Freedom, true freedom, is only found in Christ. And yet, even though Christ redeems us and sets us free, we so easily return to our chains. They become our crutch, to excuse us from proper behaviour. They become who we are, we define our life by them, and never move forward. We polish them, nurture them, display them, but never learn to leave them behind. What are the keys to moving on?
In the verse from Galations, we are told to “stand fast.” This wording reminds us of another passage, Ephesians 6:12-17, where we are told to take up the whole armor of God and stand. Keeping ourselves from becoming entangled is a fight. We cannot be passive. We must fight to maintain our freedom.
The writer to the Hebrews tells us to throw off our chains and run with perseverance. He didn’t say walk with perseverance. He said run. We have to put a distance between our new free life and our old bound one. And that takes effort. How easily we can turn back to our old habits. How clearly the shiny chains call our name. But we must persevere.

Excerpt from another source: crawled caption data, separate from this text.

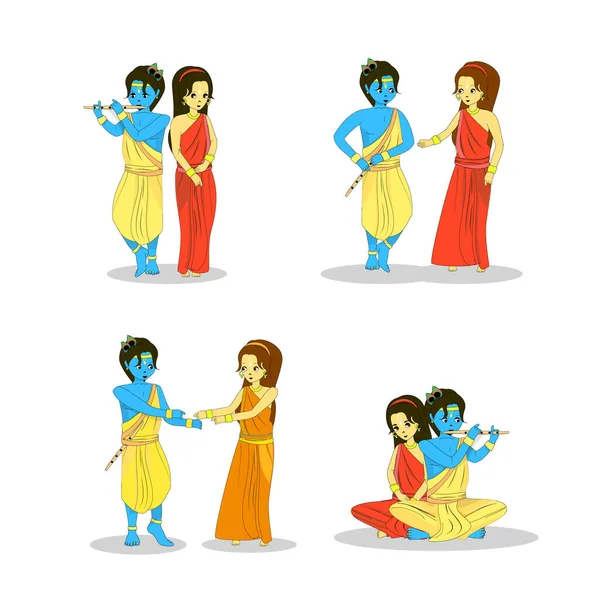 Ilustración Vectorial Del Señor Krishna Tocando Flauta Cerca Radha Energía — Archivo Imágenes Vectoriales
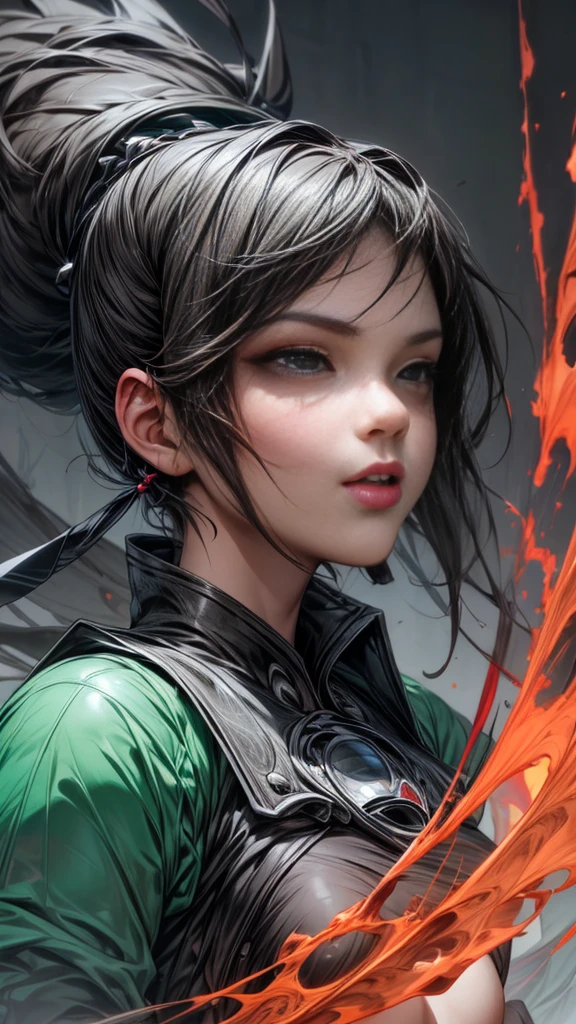 Unreal Engine: 1.4, CG 64K Ultra-realistic, Photorealistic: 1.4, Skin Texture: 1.4, Masterpiece: 1.4, Portrait Unreal Engine: 1.4, CG K Ultra-realistic, Photorealistic: 1.4, Skin Texture: 1.4, Masterpiece: 1.4 , close up photography :1.4,, cuerpo completo, wearing a gas mask in the army, biological warrior, Evolutivo, Toxina, Biological weapons, guerreros, verde:1.5, naranja:1.1, blanco:1.3, amarillo:1.3, (rapero con pelo aterrador),tatuajes, (ropa power puffer:1.2),Abstract lines and circles background.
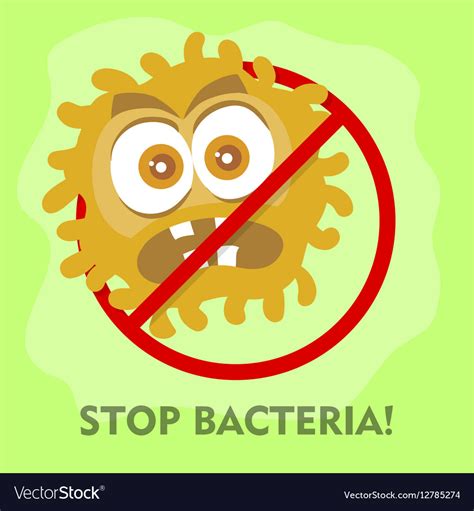 Stop Bacteria Cartoon No Virus Royalty Free Vector Image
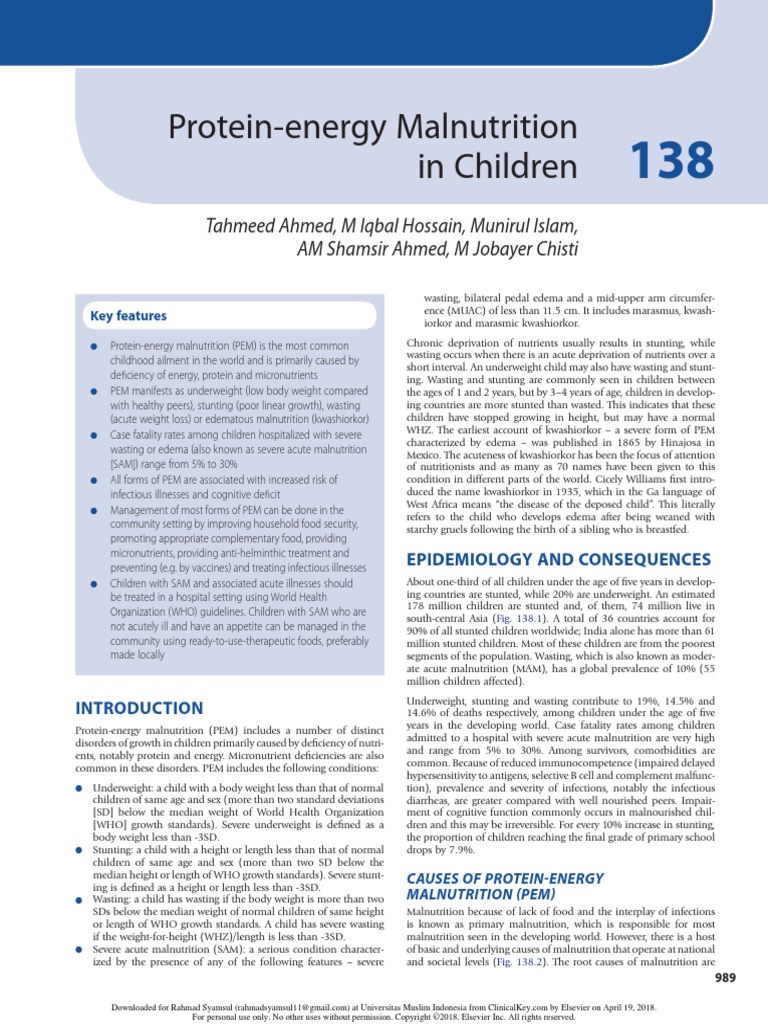 Protein Energy Malnutrition PDF Malnutrition Edema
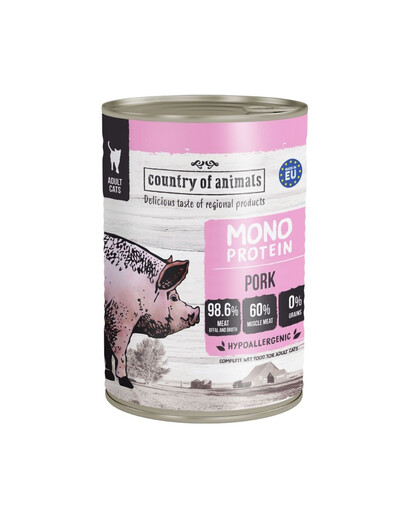 COUNTRY OF ANIMALS Cat Monoprotein Pork 400g vepřové maso, konzerva pro kočky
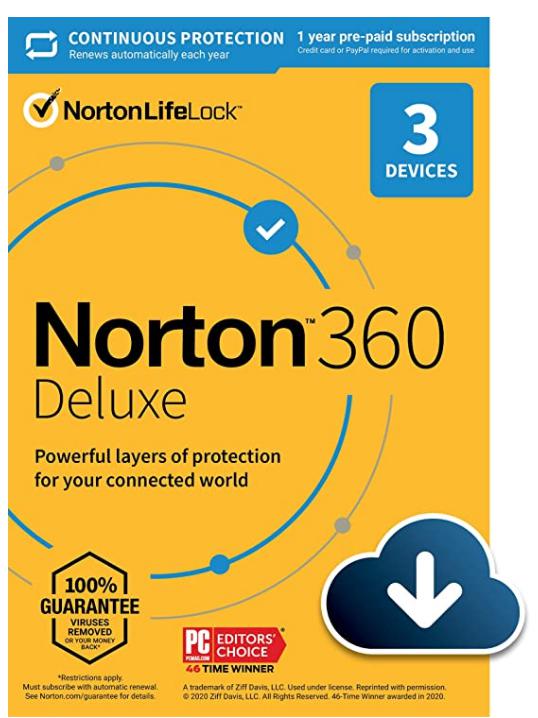 SALE UP TO 60% Norton 360 Deluxe 2022 Antivirus software for 3 Devices with Auto Renewal – Includes VPN, PC Cloud Backup & Dark Web Monitoring [Download]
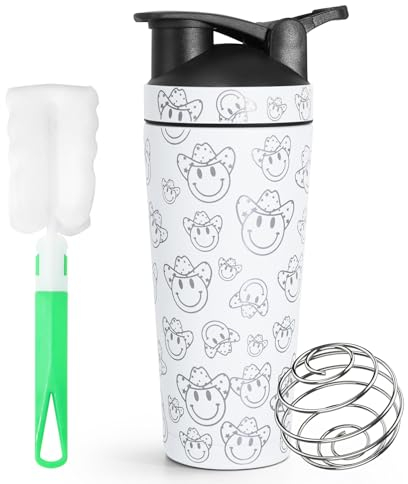 HNCY 750ml Shaker Proteinas, Shaker Acero Inoxidable, Mezclador de Proteinas, Shaker para Polvo de Proteína de Suero Cremoso Sacude, Shaker de Acero Inoxidable Prueba de Fugas y sin BPA - Blanco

How then do we find the strength to fight, to persevere? The writer to the Hebrews goes on to tell us. Fix our eyes on Jesus. He is our shelter, our peace, our strong tower. He gives us the strength to do all things. It is only by Him that we continue to breathe at all. So let us simply breathe. Fix our eyes on the One who is worthy. Drop our chains and bask in the freedom of His presence. And today, this minute, I’ll stand, with arms high and heart abandoned…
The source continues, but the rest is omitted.